● **TASK STATEMENT**
Take each line of the entries below that contains "https" and copy it.

═══ GIVEN DATA ═══

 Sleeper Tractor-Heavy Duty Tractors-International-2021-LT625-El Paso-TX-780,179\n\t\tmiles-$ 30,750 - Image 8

═══
═══ GIVEN DATA ═══

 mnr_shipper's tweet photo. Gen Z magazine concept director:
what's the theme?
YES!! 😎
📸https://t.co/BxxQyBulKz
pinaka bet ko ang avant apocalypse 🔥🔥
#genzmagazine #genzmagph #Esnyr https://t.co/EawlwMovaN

═══

● **RESPONSE BELOW**
📸https://t.co/BxxQyBulKz
#genzmagazine #genzmagph #Esnyr https://t.co/EawlwMovaN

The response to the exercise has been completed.